The pandemic, along with changing consumer habits and few new retail focused real estate funds being launched have caused major financial consequences for retail landlords. Renters have been unable to pay on time, or even full price. Two well-known retail REITs, CBL and Pennsylvania REIT, filed for bankruptcy last week. They communicated that their tenants struggled due to the pandemic restrictions. There were also layoffs announced by Brookfield. Retailers such as J-Crew, Ann Taylor, and JC Penny sought out bankruptcy protection since the pandemic began. Patience is spreading thin, and lenders might announce more foreclosures at a faster rate.

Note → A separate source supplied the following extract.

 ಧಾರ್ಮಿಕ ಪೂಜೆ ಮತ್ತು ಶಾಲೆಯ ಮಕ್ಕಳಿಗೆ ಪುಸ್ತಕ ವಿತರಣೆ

There is this question to consider – as consumer behavior changes with society, did the pandemic simply accelerate new retail trends that were already in the making? The innovations that are taking place during this time may just lead to an incredible financial outcome in the long run. Finding a new retail tenant in the current market environment may be a difficult endeavor, but there are two common ideas that are worth looking into; repurposing and conversion. This could be a way out of the financial distress stimulated by the pandemic. These ideas are looked at as opportunities to bring old buildings up to code and perform construction in a more sustainable manner. Yes, performing these ideas is expensive, yet some companies are doing exactly that: there is potential for converting abandoned space into housing (just as Brookfield is doing) or leasing vacant retail to Amazon as a warehouse space. Aside from high conversion costs, this process also involves rezoning into multifamily or industrial. There are also opportunities for losses to be replaced by other uses such as medical offices, cannabis dispensaries, childcare, and entertainment. Landlords would face another hurdle doing this since specific uses have to fit into local ordinances and variances.

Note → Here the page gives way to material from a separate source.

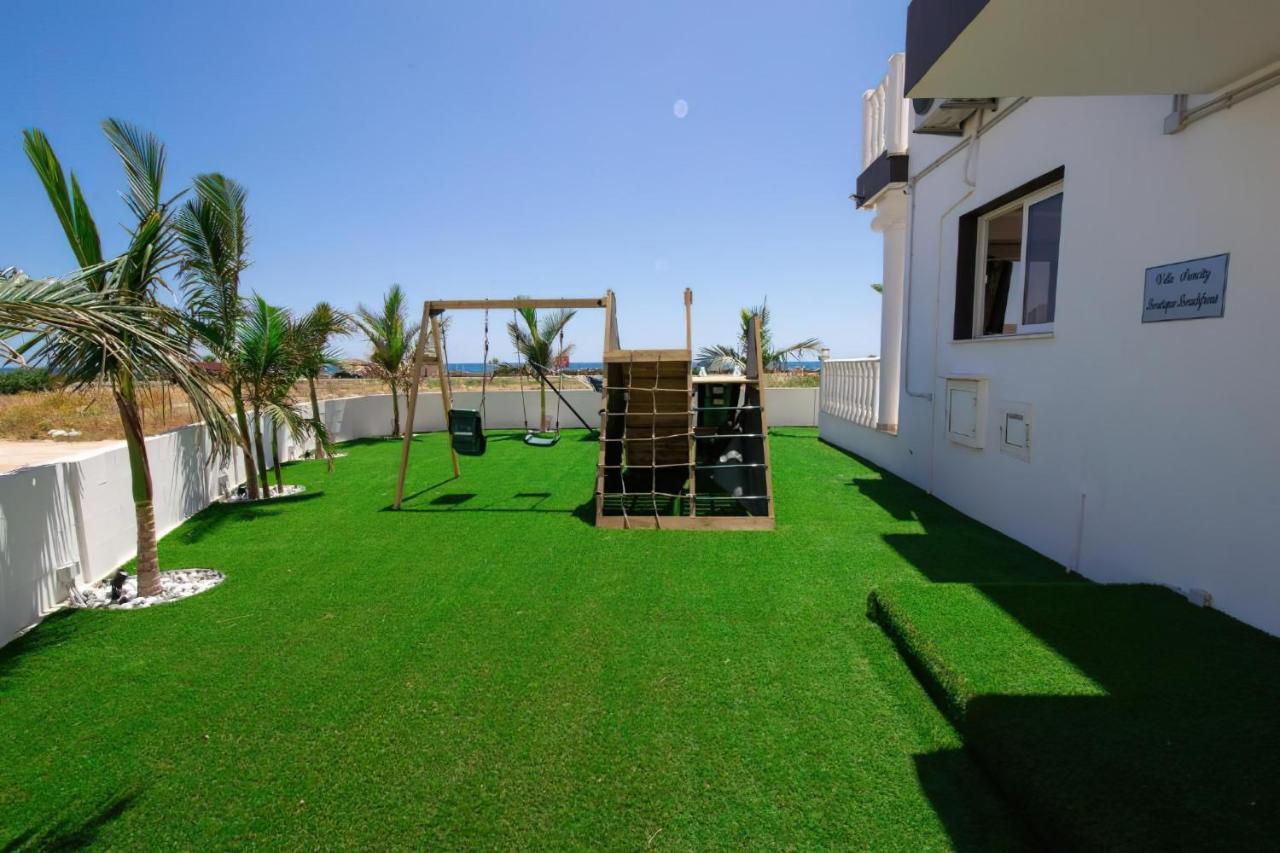 Villa Suncity Boutique Beachfront Ayia Napa Eksteriør billede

New funds have launched and many seek to capitalize on the expected wave of Covid-related foreclosures, but only a handful seek to capitalize on retail. One notable example – industry veterans Christopher Nolte and David Schreiber have launched AneVista Group, a private equity platform that plans to develop and redevelop small-format, e-commerce-resistant retail real estate. Their strategy – partnering with national brands during pre-lease, ecommerce resistant stores.
Tremendous disruption has come to the real estate sector in the past, creating uncertainty. That uncertainty generally leads investors to examine their risk profile, but it also generates new opportunities—a strategy that retail real estate investors can be banking on these days.